RESOURCES, TOOLS, AND COMMUNITY FOR PARENTS OF THIRD CULTURE KIDS

(So you can be confident you're not screwing them up!)

I still remember our “special” coffee shop. In the suffocating dry-season heat that settled over Gulu, Uganda like a wool blanket, Coffee Hut was a bit of western bliss. When my mom would spontaneously spring me with “wanna get some coffee?” only one thing excited me more than the chance to sit in the frigid air conditioning for an hour: the one-on-one time I got to share with her. Sipping on vanilla coffee shakes, my mom and I would chat. Sometimes about nothing (“The power went out again,” “Your brother found another snake in the trash pit,” “I scored some cheap mangoes in the market”), and sometimes about everything (“School is stressing me out,” “I feel like I don’t have any friends,” “I miss Missouri”). I laughed ‘til I snorted coffee shake out my nose in that shop, and I snot-cried and wiped my tears with a chocolate-stained napkin. Through one of the most turbulent, incredible, adventurous, gut-wrenching periods of my childhood, coffee dates at Coffee Hut began to feel like home.

Why am I telling you this? Because it might be time for a coffee date with your teen TCK. David C. Pollock’s helpful resource “Third Culture Kids: Growing Up Among Worlds” shares one TCK’s value of deep conversations with their loved ones, because the uncertainty of outside relationships necessitates it: 

“Multiple separations tended to cause me to develop deeper relationships more quickly...When I was with my family or friends, we tended to talk about things that matter spiritually, emotionally, and so on. I still become impatient with superficiality.” 

Your TCK wants deep connection! And most likely, they want it with you. Trust me, they have a lot of feelings and even more to say; they just need someone to ask the right questions.

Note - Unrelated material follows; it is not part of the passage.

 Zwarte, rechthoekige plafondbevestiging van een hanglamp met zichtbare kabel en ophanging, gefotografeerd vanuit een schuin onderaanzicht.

Need some ideas? Here are 5 connection-creating questions to ask your teen TCK next time you go out together: 

  1. How are your friendships, both here and long-distance? Who do you feel closest to right now? 

  2. What’s one thing that’s exciting you about life right now?

  3. What’s one thing that’s difficult for you right now? 

  4. Are you missing anything or anyone? 

  5. Is there anything I can do to help? 

If you haven’t had the chance to do a “story time” with your teen TCK (covered in our previous installments of The Parent Chronicles), a coffee date would also be a great environment to do so! Find your own Coffee Hut and make some special memories.